▶ DATA EXCERPTS:
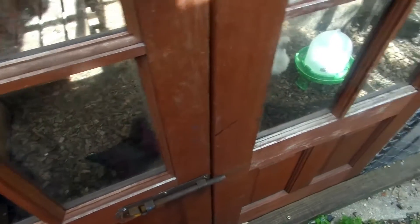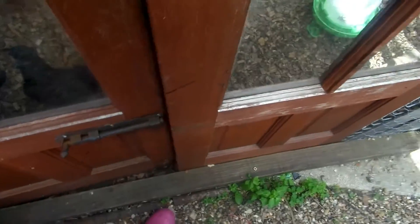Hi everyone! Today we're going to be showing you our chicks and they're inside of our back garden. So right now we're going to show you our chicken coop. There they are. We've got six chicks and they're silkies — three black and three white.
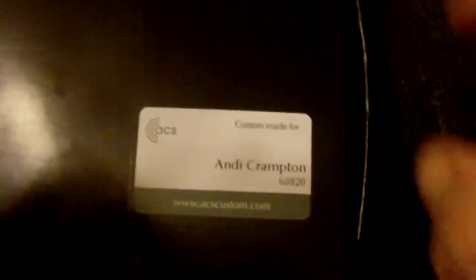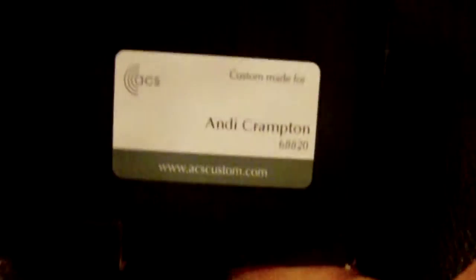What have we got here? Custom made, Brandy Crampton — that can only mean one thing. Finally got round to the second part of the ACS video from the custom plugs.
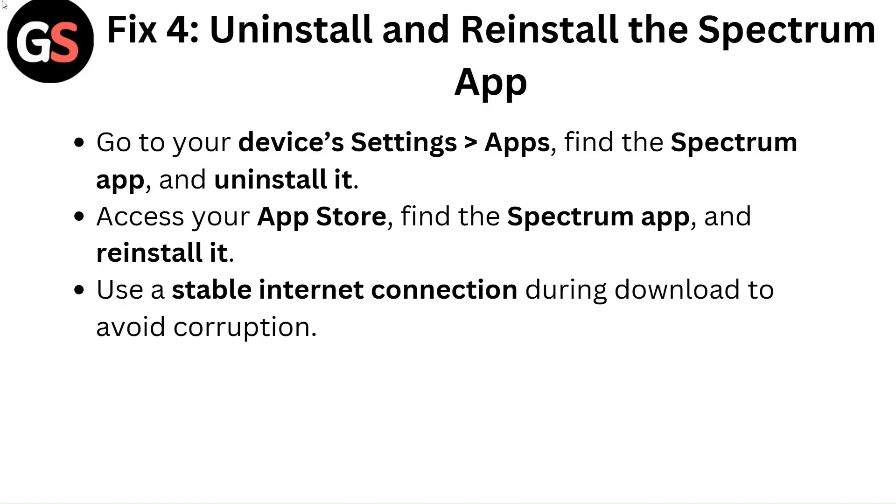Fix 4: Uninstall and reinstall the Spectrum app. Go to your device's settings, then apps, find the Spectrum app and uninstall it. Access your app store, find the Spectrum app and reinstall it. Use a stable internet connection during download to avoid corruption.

* * *

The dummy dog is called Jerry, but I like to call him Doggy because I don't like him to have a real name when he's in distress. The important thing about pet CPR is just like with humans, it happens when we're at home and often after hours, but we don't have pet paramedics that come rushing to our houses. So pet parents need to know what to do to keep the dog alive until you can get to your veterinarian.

▶ TASK: Transcribe only the lines above that start at the line containing "Hi everyone! Today" and end at the line containing "Fix 4: Uninstall". Omit pictures.

▶ EXERCISE OUTPUT:
Hi everyone! Today we're going to be showing you our chicks and they're inside of our back garden. So right now we're going to show you our chicken coop. There they are. We've got six chicks and they're silkies — three black and three white.
What have we got here? Custom made, Brandy Crampton — that can only mean one thing. Finally got round to the second part of the ACS video from the custom plugs.
Fix 4: Uninstall and reinstall the Spectrum app. Go to your device's settings, then apps, find the Spectrum app and uninstall it. Access your app store, find the Spectrum app and reinstall it. Use a stable internet connection during download to avoid corruption.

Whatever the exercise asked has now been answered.